Os traficantes se preocupavam com um membro que havia desertado para um cartel rival e um assassinato que parecia ter sido cometido internamente. "Meu primo foi morto e foi nossa gente", disse o líder de Chicago. "Não podemos confiar em ninguém, absolutamente ninguém", disse a esposa do líder do cartel em outra conversa. Os inimigos do grupo pareciam ter percebido sua vulnerabilidade. Nas semanas anteriores ao desaparecimento dos estudantes, a mídia local relatou que os rivais do cartel haviam "se reagrupado" e estavam indo atrás dos Guerreros Unidos.

"Isto vai ficar mais feio", disse o líder de Chicago do cartel no fim de agosto. Um mês depois, quando os Guerreros Unidos receberam a mensagem sobre seus supostos rivais passando em ônibus, sua rede de colaboradores entrou em ação. Os dois comandantes de polícia que trocavam mensagens de texto regulares com o cartel lideraram os primeiros ataques aos estudantes naquela noite.

Enquanto estudantes tentavam deixar Iguala a bordo de vários ônibus, policiais sob o controle dos comandantes bloquearam as ruas e atiraram neles, atingindo alguns, incluindo um que permanece em coma. Eles foram então colocados em viaturas, desaparecendo logo depois. A alguns quilômetros de distância, mais policiais pararam outro ônibus usando gás lacrimogêneo e depois os sequestraram. Eles também estavam entre os 43 desaparecidos. O socorrista pago pelo cartel disse que recebeu duas ligações naquela noite. Um dos comandantes de polícia perguntou a ele "para quem ele deveria entregar os 'pacotes'". Um assassino do cartel também ligou, perguntando quem estava levando "os pacotes", de acordo com seu depoimento.

O que exatamente aconteceu em seguida permanece um mistério. De acordo com um membro do cartel cujo testemunho se tornou fundamental para o caso, alguns dos estudantes foram levados para uma casa, mortos e esquartejados. Restos dos estudantes foram posteriormente incinerados no crematório pertencente à família do legista.

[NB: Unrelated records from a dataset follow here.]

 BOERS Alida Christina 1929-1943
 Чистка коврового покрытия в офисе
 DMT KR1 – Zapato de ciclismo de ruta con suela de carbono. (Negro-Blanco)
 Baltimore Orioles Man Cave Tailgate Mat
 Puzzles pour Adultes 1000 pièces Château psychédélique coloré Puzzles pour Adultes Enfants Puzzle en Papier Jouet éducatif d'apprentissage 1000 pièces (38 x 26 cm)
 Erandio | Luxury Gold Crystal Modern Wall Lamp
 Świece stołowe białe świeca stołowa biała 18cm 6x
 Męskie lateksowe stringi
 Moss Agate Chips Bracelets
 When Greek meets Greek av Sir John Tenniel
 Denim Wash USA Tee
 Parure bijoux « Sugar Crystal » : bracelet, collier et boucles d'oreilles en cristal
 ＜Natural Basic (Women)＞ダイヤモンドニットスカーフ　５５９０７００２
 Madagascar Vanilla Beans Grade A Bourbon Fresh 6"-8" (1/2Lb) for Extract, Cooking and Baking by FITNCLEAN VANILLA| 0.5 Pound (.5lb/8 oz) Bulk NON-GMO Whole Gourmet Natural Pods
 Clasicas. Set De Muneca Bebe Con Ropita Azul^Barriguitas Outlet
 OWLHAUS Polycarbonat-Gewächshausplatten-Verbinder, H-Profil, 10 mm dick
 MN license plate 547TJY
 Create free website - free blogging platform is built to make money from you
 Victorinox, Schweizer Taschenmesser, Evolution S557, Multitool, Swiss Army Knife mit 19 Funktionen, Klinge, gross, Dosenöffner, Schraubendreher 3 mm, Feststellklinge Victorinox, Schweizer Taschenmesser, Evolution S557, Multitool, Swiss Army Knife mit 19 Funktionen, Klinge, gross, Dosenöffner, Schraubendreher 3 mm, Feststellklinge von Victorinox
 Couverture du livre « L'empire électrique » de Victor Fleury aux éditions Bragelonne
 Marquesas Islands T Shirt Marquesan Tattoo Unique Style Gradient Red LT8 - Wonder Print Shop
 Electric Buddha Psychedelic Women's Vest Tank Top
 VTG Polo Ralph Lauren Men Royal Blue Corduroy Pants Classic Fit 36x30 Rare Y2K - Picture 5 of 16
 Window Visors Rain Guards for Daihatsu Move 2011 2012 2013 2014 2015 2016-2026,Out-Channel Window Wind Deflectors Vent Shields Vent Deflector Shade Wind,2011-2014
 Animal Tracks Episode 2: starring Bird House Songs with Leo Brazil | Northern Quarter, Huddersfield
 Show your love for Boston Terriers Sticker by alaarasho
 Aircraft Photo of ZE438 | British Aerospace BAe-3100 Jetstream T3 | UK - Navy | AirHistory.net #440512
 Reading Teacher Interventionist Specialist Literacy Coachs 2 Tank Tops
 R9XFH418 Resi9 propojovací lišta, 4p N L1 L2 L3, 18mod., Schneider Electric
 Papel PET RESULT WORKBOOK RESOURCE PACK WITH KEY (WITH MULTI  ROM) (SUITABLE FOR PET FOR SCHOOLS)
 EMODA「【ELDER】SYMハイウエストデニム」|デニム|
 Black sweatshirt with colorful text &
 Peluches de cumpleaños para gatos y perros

Anos após o desaparecimento, o governo mexicano continuou espionando o grupo, ouvindo suas conversas telefônicas em 2017. Os laços entre o cartel e as autoridades ainda eram fortes. Um dos traficantes envolvidos no sequestro falou sobre como havia acabado de "ficar bêbado com soldados".

Um vereador falou sobre o transporte de drogas para os EUA. Uma noite, a mulher de um líder preso perdeu o paradeiro de um carregamento de drogas. Pensando que o motorista poderia ter fugido com ele, enviou um aviso. "O motorista não sabe o que aconteceu com os 43?", disse, referindo-se aos estudantes sequestrados. "Tenho certeza de que ele não quer ser o número 44."